Dataset records:
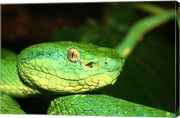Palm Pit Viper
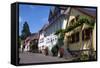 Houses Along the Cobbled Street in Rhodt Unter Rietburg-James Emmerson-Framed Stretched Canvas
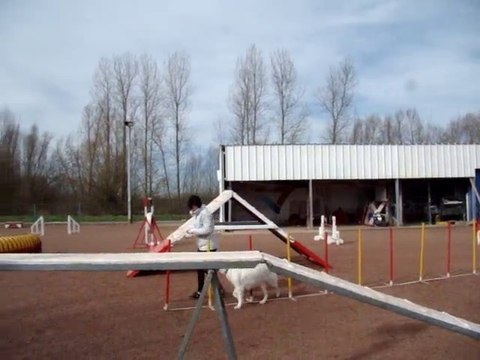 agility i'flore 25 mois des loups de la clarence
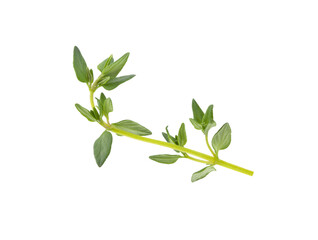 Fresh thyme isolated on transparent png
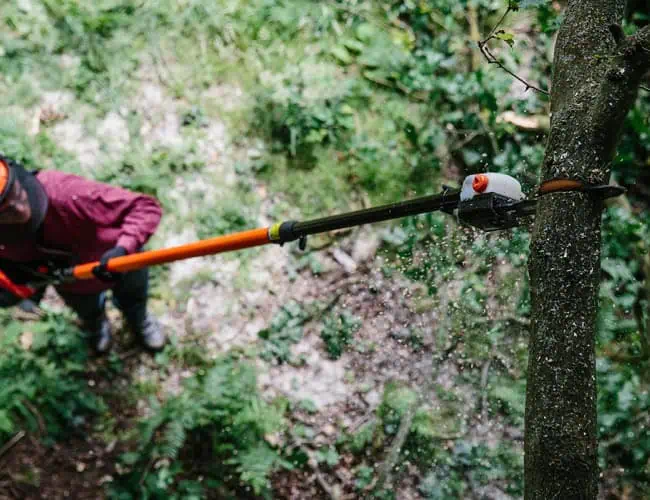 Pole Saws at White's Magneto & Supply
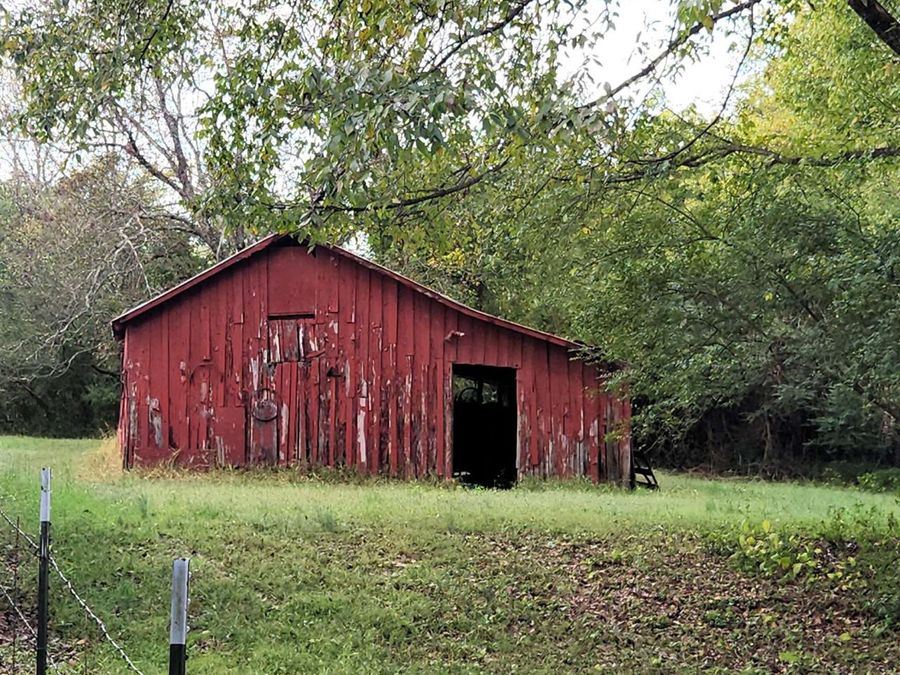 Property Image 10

Goal of the exercise: Give an exact copy of the material, leaving out every picture.

Exercise output:
Palm Pit Viper
 Houses Along the Cobbled Street in Rhodt Unter Rietburg-James Emmerson-Framed Stretched Canvas
 agility i'flore 25 mois des loups de la clarence
 Fresh thyme isolated on transparent png
 Pole Saws at White's Magneto & Supply
 Property Image 10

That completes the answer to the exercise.